ESL student paper comes in second at international conference
Connor Jenkins, 2nd year PhD student at the ElectroScience Laboratory (ESL), received second place in the Ernest K. Smith USNC-URSI Student Paper Competition at the National Radio Science Meeting.
National Radio Science Meeting is an open scientific meeting sponsored by the U.S. National Committee (USNC) for the International Union of Radio Science (IURS). The USNC-URSI is appointed by the National Academies of Sciences, Engineering and Medicine, and represents U.S. radio scientists in URSI. Jenkins presented the paper at the National Radio Science Meeting in Boulder, Colorado. Even after having to unexpectedly present virtually, he finished in second and won a prize of $750.
His paper, "Dual-Layer Magnetoinductive Waveguide for Wearable Wireless Body Area Networks", introduces the first wearable magnetoinductive waveguide (MIW) for Wireless Body Area Networks that can tolerate mechanical failures and clothing transitions. The waveguide design enables robust, secure and unobtrusive communication across the human body for various applications.

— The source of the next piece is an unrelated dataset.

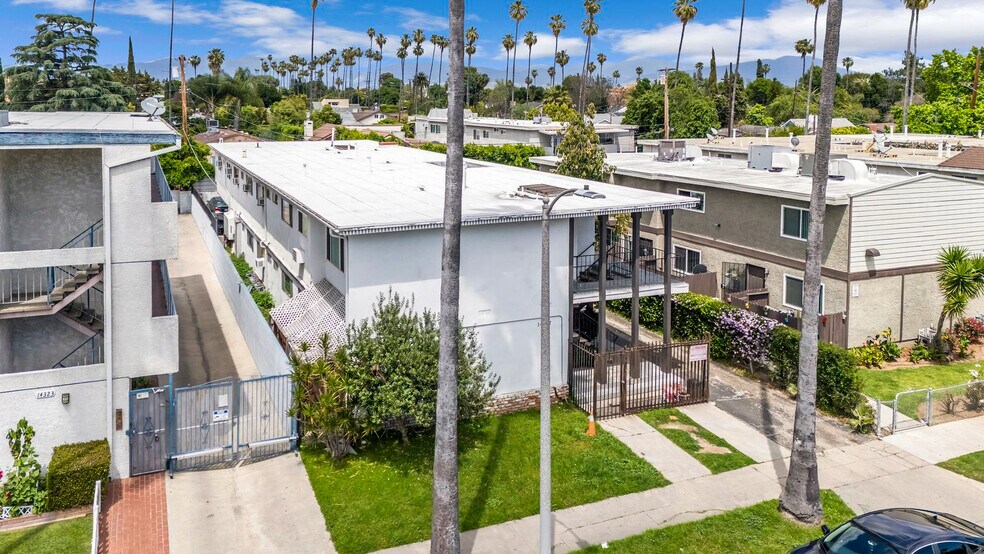 More Photos Of 14317 Haynes St, Van Nuys Apartments For Sale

MIWs placed in a planar way upon the human body are most promising but suffer from a large deterioration in minimum loss and operating bandwidth under mechanical failures and clothing transitions. In this work, the authors overcome both limitations via a novel dual-layer planar MIW design that uses two layers of resonant loops stacked upon each other. The paper also presents a 60-70 dB improvement in path loss over state-of-the-art Wireless Body Area Network technology.
Jenkins is a member of the Wearable and Implantable Technologies (WIT) Group at ESL and advised by Professor Asimina Kiourti.
“This is a very well-deserved recognition for Connor,” said Asimina Kiourti. “He has worked really hard on his magnetoinductive waveguide research over the last two years.”
The WIT Group carries out interdisciplinary research at the intersection of electromagnetics, sensors, and medicine. They develop wearables and implants that outperform the existing devices in terms of seamlessness, capabilities and performance.